What is required: Lines before the one containing "Photo 2: Exterior" are not wanted; restate the rest below word for word, through the last line, but drop any pictures.

Collected material:
━━━━
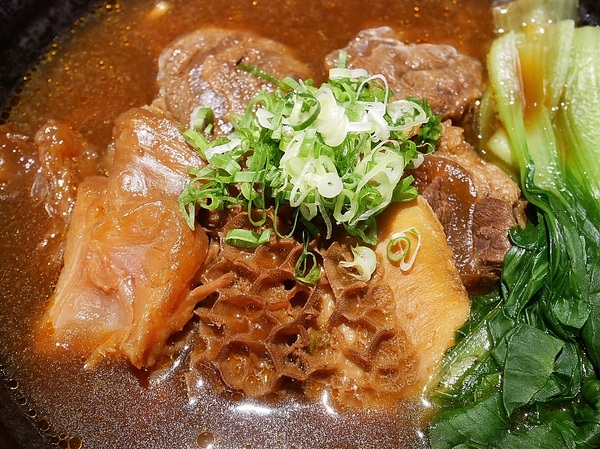牛霸beefbar：牛霸beefbar-台北大安區牛肉麵  霸氣三寶一次享用  精燉雞粥滿滿精華在裡面 無雷餐點快來踩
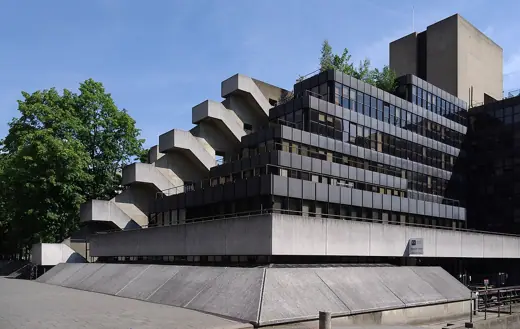 Photo 2: Exterior · University of London Institute of Education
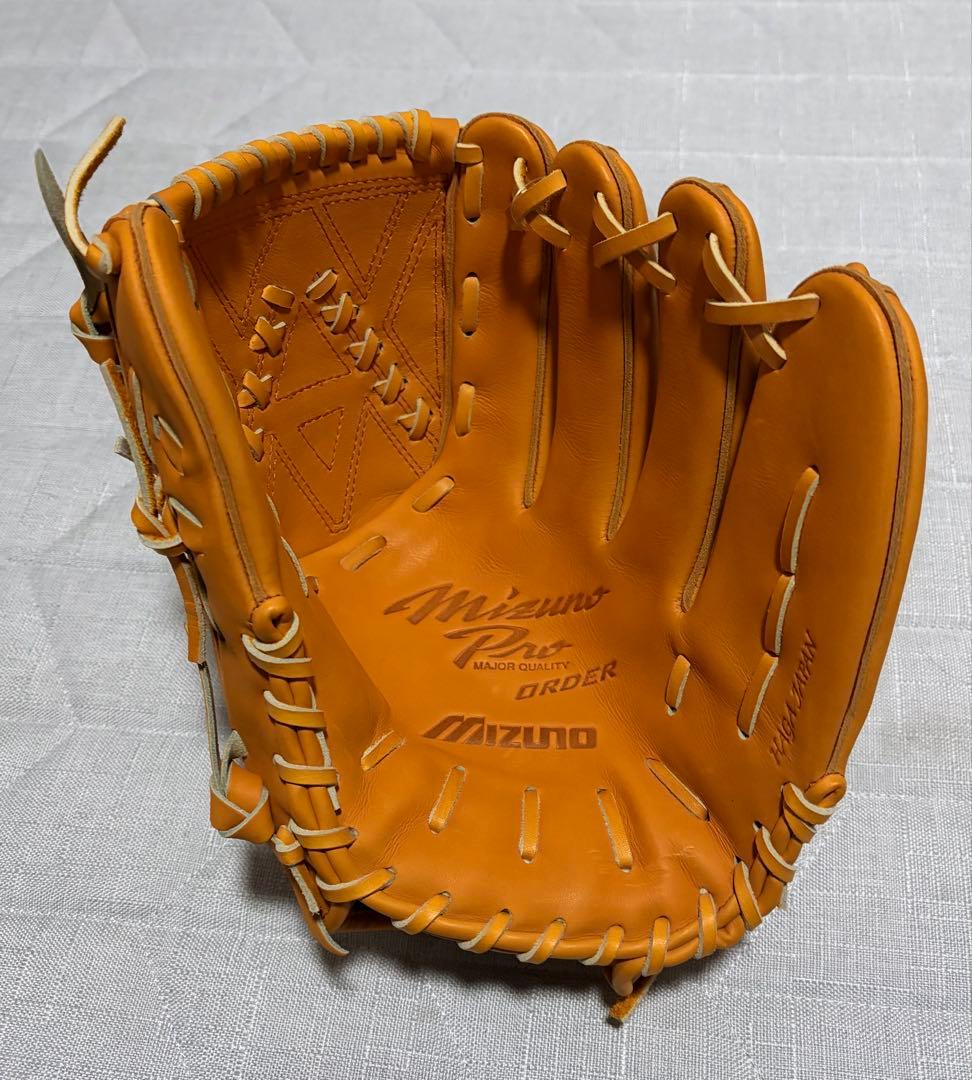 【超限定・即完売商品】 ミズノビッグM 斎藤佑樹復刻グラブ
━━━━
Reply:
 Photo 2: Exterior · University of London Institute of Education
 【超限定・即完売商品】 ミズノビッグM 斎藤佑樹復刻グラブ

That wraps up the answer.